Sunday, November 24, 2013

Driving in Georgia, part 2: I say sidewalk, you say traffic lane.


In Kartouli, the Georgian language, there is only one word for “finger” and “toe.”  Georgians, therefore, say “toes are fingers for the foot.”  But there is a word for “sidewalk” and another, different word for “parking lot” and yet a completely different word for “traffic lane.”  This makes me wonder, as I walk the streets of this fair city, “Why, then, are these people parking, or even worse, driving, where I’m walking?”

            Georgia has seen an explosion of vehicles.  Just in Tbilisi alone, the number of vehicles on the streets, both registered and unregistered vehicles, has doubled in the past five years according to Georgia Today newspaper.  The number of available parking spaces, however, has decreased by almost a third.  Simply put, the city planners failed to anticipate the problems of automobile transportation.  Everyone was expected to take the plentiful public transportation, so it was deemed unnecessary to take into account the needs of average pedestrians.  Thus, Georgian drivers have taken to parking wherever there’s a space large enough to fit their car, and this usually means parking on what some pedestrians might naively mistake for a sidewalk.  Here, it’s taken as a minor nuisance and generally ignored.  In America, their behavior would cause multitudes of not necessarily sympathetic pedestrians to go bug-eyed apoplectic. 

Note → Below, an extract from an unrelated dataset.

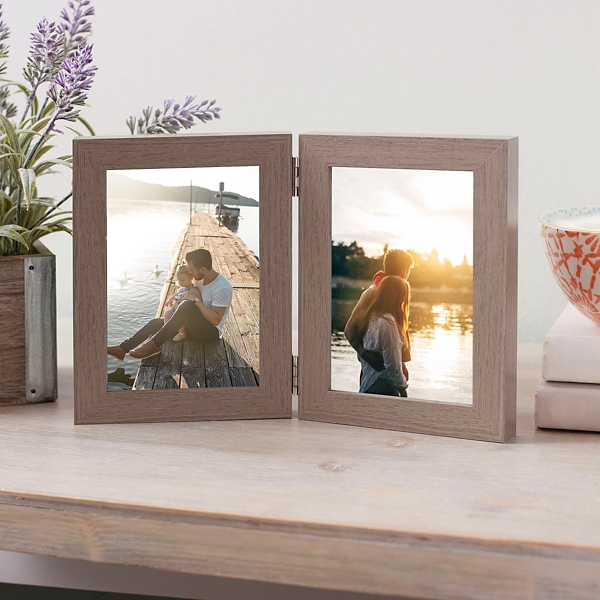 Woodgrain Two Openings Hinged Collage Frame, 4x6 Kirklands Home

            Let me give you an example.  I live on Abashidze Street which runs parallel and two blocks up from Chavchavadze Avenue, one of the main streets in the city.  I enjoy walking along Chavchavadze; it has stores, restaurants, clubs and bars, schools and shops, and a large number of apartment buildings.  Picture Market Street in Philadelphia, if you want.  Chavchavadze Avenue is, on the maps, a six-lane avenue; however, the many cars parked, long term, in the outside lanes, clog the avenue to, usually only four, but often just two, barely passable lanes. 
 
             So what’s a driver to do?  The answer, unfortunately, has been to drive up on the sidewalks, blowing their horns at pedestrians to clear the way.  (To the best of my limited knowledge, there are no words in Kartouli to describe people like that.  There are many choice ones in English, however all are unprintable in a family blog such as this one.)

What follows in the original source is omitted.